In the Stunned Man a domestic setting is also employed for a stuntman-actor, building and violently destroying the work of his alter ego. Two screens, side by side, immediately set up a bi-polar relationship between the mirrored fields of action. When on one side the man calmly walks through the door, the mirrored man crashes through the ceiling, nonchalantly dusting himself off as if all is normal.

The pendulum like sway of the slow moving camera – a nod to Hitchcock’s‚ Rope – follows the Stunned Man pacing backwards and forwards through his comfortable abode. Spilling the noodles he prepares on one screen catalyzes a destructive chain of events – a Kung Fu attack onhis kitchen space, followed by a Buster-Keatonesque, slapstick, corporeal smashing of his surrounding. Falling to get up again. The nullification created by the mirrored video reaches a peak, a literal breaking point, when he dives through the bathroom mirror only to land in the same space of his alter ego now gone from the apartment. His flight for emancipation leads him into a new sequence of the same, a perpetual repetition.

The loop continues when both men re-enter their alter ego’s apartment with a new mirror in tow, ready to reconstruct their space in a seemingly limitless cyclic ritual of destruction and reconstruction. Rosefeldt absurdly and playfully toys with our will to predict and situate coherent systems bound to fail or present new problems. In a moment of apparent calm – where both screens appear to be identical mirrors of each other- the expanding shot slowly reveals an abrupt interruption of this apparent symmetry by an injection of the absurd. When the camera pans by the home office the Stunned Man sits working indifferent with in the wild jungle of pot plants devouring his work space. The cyclic disruptions created by moments of continuity deviations do not throw the loop off course but work as distractive mechanisms with in these meta-narratives interrupting the flow of linear expectation.

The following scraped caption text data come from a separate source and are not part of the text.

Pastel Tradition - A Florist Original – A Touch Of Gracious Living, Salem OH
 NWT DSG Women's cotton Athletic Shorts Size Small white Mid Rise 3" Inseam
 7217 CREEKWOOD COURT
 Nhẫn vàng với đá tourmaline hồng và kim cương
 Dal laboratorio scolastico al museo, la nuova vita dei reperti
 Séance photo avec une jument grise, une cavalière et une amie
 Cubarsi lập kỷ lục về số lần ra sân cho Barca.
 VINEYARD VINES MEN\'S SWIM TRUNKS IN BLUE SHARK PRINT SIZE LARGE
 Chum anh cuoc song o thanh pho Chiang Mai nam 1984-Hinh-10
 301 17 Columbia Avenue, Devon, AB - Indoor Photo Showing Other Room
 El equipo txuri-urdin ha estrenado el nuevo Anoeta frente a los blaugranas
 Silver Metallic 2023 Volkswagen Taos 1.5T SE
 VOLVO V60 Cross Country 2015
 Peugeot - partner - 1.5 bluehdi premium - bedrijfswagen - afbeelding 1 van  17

Where in Stunned Man a dry humoured, slapstick-like comic futility captures the marrow of our individual, daily rituals, The Soundmaker reveals itself slowly as an out of synch-repetitive, co-(in)dependent chain of events revealing a domestic reconstruction. Rosefeldt uses these neurotic actions within an asphyxiating mise-en-scene to mirror the space we routinely occupy without question, governed by our own rules and quasi-rational codes. The sets constructed around ourselves unraveling our daily narratives – the way we make coffee, the way we organize our objects, the complexity involved in choreographing these banal domestic activities, combine under the objective camera lens. The perspective from the two parts of “TheTrilogy of Failure” create a necessary distance to examine the illogic of the everyday. Through these simultaneous viewing of multiple states of an individual the plurality of character is exposed. Rosefeldt offers the position to see ourselves from the outside, as characters in our internal micro-script.

Over chocolate and citron ice cream with the back drop of a typically Berlin construction scene, an empathetic resonator of sorts – bursts of hammering and drilling, Rosefeldt discussed these works as an exploration of the entrenched unsettled and irrational experiences within our everyday events, he said: ”What you see are normal human beings…it could be anybody…it’s rather the schizophrenic kind of loop in which we find our daily lives.” And it is the multiple routines of daily life and in them a persistent ambiguity as to the reason of their unfolding that perpetuates an elusiveness causal understanding. The multiple ways of being, differentiated through proximity and the accumulation of variances is what mirrors Rosefeldt’s Trilogy of Failure. Like Bukowski’s Shoelace, he cites the daily random interferences bringing with them a new situational awareness of the everyday.

“Suddenly you start to laugh about something that has nothing to do with what just happened and it just comes into your brain and I think everybody knows these kinds of situations … it happens to me that I stand at the bus stop and just start to laugh, that I am suddenly forced to be there with six people waiting at that place which is defined by that thing for my life to go on, and all these kinds of strange things.”